*** SOURCE RECORDS Section Begins ***

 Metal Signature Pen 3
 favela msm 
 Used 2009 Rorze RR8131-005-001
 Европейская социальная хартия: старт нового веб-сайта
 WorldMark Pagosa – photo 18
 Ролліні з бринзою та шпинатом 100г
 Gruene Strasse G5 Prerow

*** SOURCE RECORDS Section Ends ***
*** SOURCE RECORDS Section Begins ***

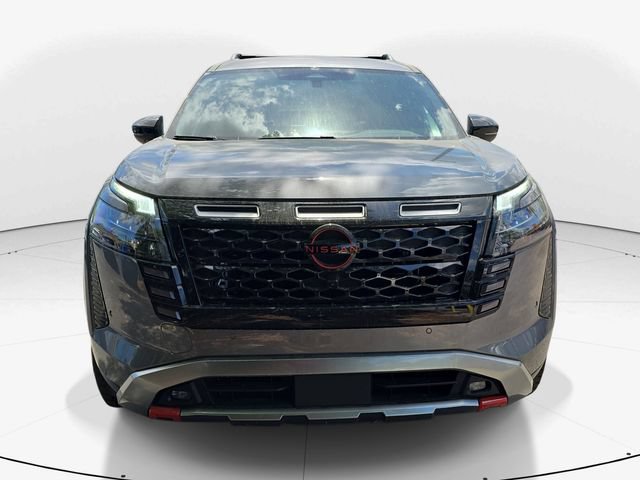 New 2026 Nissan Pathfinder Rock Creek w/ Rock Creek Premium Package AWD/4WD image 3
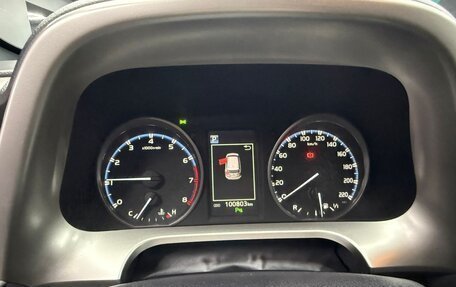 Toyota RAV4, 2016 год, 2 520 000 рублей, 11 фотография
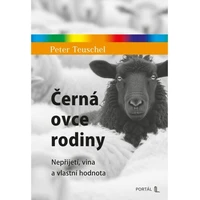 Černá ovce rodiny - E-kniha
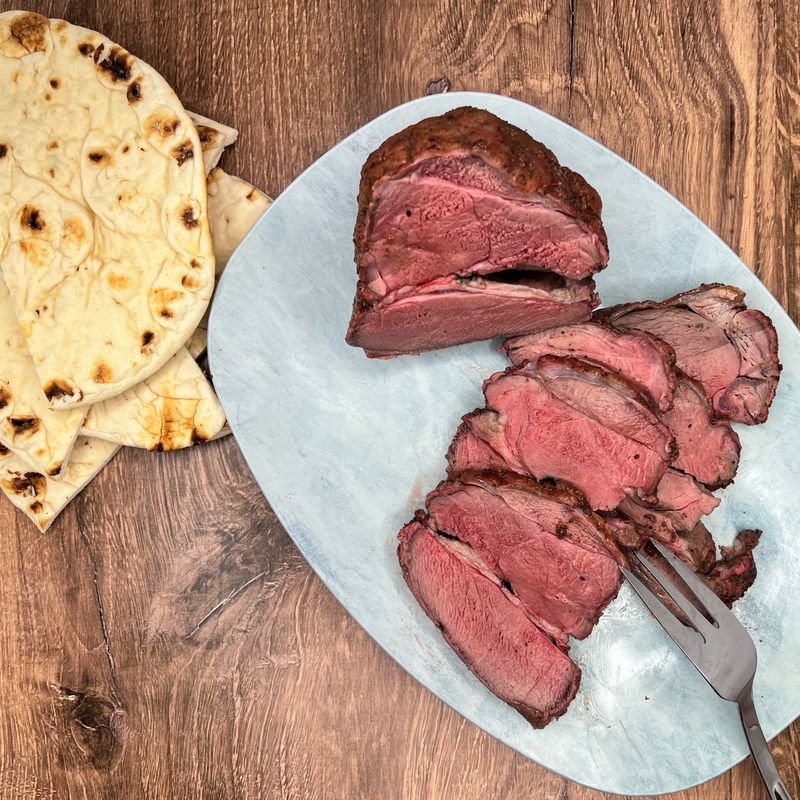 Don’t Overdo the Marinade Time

*** SOURCE RECORDS Section Ends ***
*** SOURCE RECORDS Section Begins ***

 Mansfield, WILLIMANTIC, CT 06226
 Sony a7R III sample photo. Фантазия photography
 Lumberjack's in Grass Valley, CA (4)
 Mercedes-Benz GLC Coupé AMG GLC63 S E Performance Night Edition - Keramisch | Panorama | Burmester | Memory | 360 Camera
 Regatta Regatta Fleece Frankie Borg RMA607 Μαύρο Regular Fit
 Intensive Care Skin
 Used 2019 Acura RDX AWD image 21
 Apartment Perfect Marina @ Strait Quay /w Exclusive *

*** SOURCE RECORDS Section Ends ***

Output exactly the lines above, beginning at the one with "Černá ovce rodiny - E-kniha" and stopping after the one with "Don’t Overdo the Marinade Time". Pictures are to be omitted.

 Černá ovce rodiny - E-kniha
 Don’t Overdo the Marinade Time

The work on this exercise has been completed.